Big pay increases could threaten Russian economy

Employees at the Ford plant near St. Petersburg have returned to work after a strike, and negotiations over pay have resumed. Pay increases which could result are likely to have effects beyond Ford and the workers directly involved.

As negotiations continue between the employees and management at Ford, other manufacturers are keeping an eye on developments – particularly in the automotive industry, which has attracted a lot of investment to Russia, in part because of lower labour costs.

A key part of the employees claim is the need to offset inflation. Ford has offered an increase of up to 20%.

“The trend in Russia over the last couple of years has been that wages have been increasing significantly faster over inflation, actually more than double the way of inflation. For example last year, we had the normal wage increase about 30%. So the upper offer from the company Ford is actually below the average for the last year.

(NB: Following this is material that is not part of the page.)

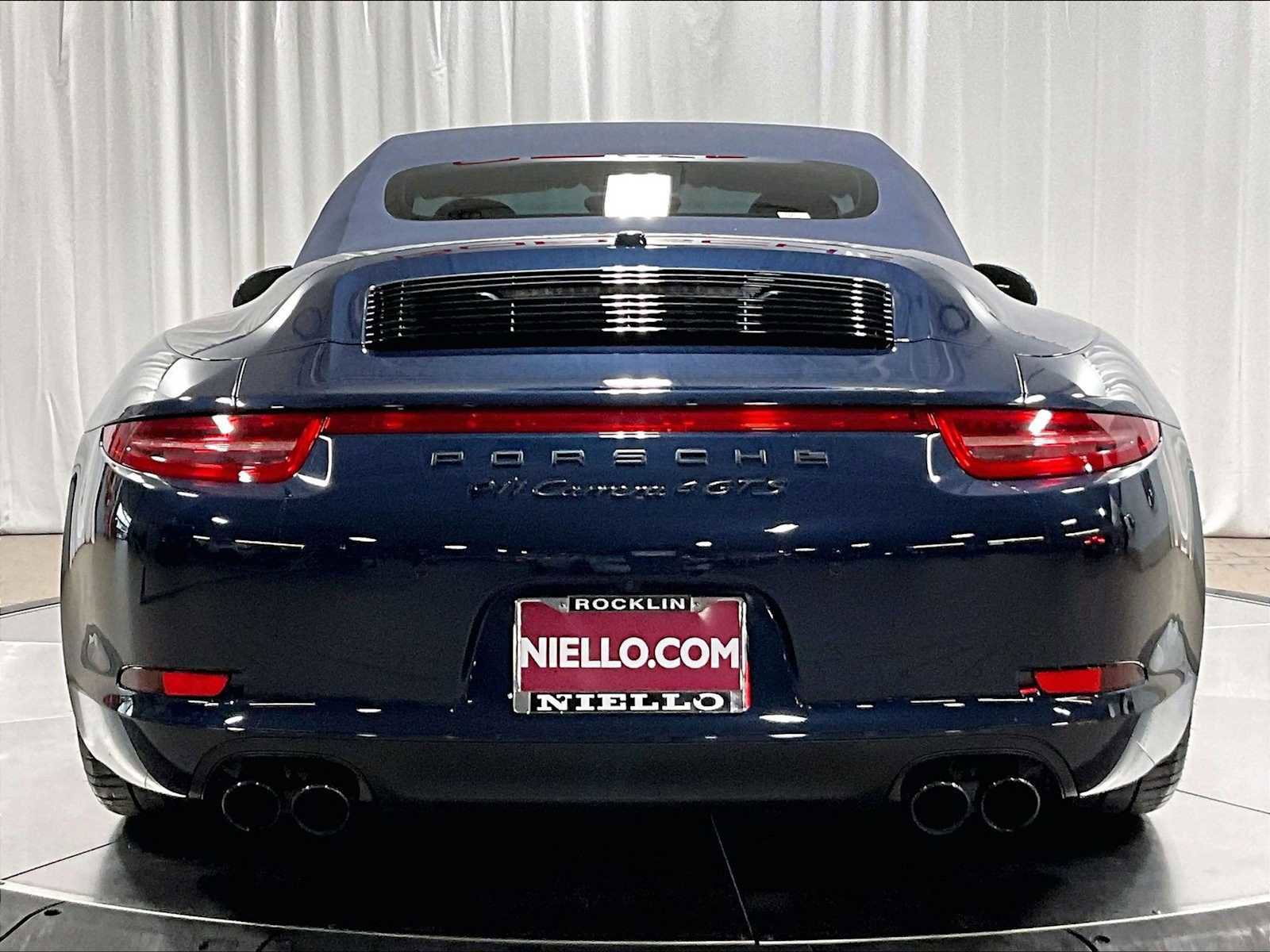 Used 2015 Porsche 911 Carrera 4 GTS AWD/4WD image 8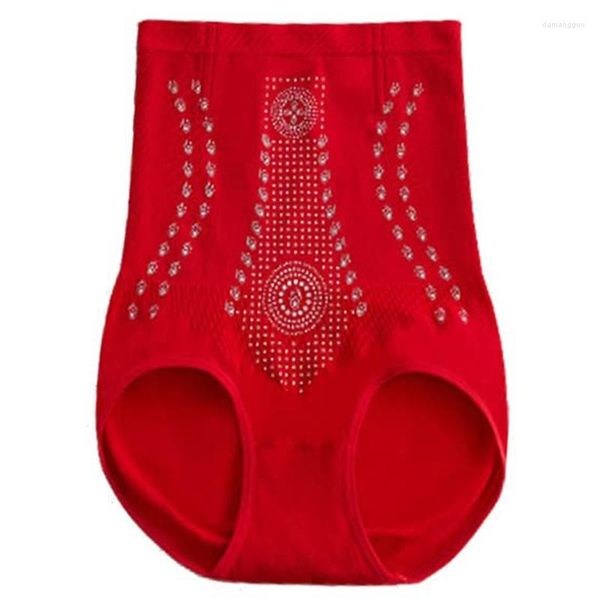 Intimo modellante da donna Slip intimo modellante per il corpo a vita alta dopo il parto in fibra unica con ioni negativi per il controllo della pancia BuLifter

So I don’t think that the offer of 20% is unreasonable, but the point is you cannot have this kind of increase, double the rate of inflation, going for many years,” Peter Westin, Chief Economist at MDM bank in Moscow stated.

Other countries have had similar problems managing wage expectations and inflation.  South Africa had inflation of more than 10% for 20 years and when strong trade unions pushed wages to match this, it created problems for manufacturing companies in particular, and added to inflation.

The year 2008 is an election year in Russia, and it is in nobody's interest to have industrial turmoil, and the low unemployment in Russia's major cities adds to the pressure. This means that if one company yields large rises then others are likely to follow suit. 

“If it sets a precedent for independent private companies – well, probably, it is a very good year to negotiate salaries. You could see if they get 20% plus that would probably be something that people will look closely in other companies. In Moscow and St. Petersburg you do have extremely low unemployment which creates wage pressures,” Mr Westin concludes.

But wage pressure drives inflation. And if large pay increases flow on to other companies it could be good news for employees in the short term, but could, in the longer term, mean problems for both the companies and the wider economy.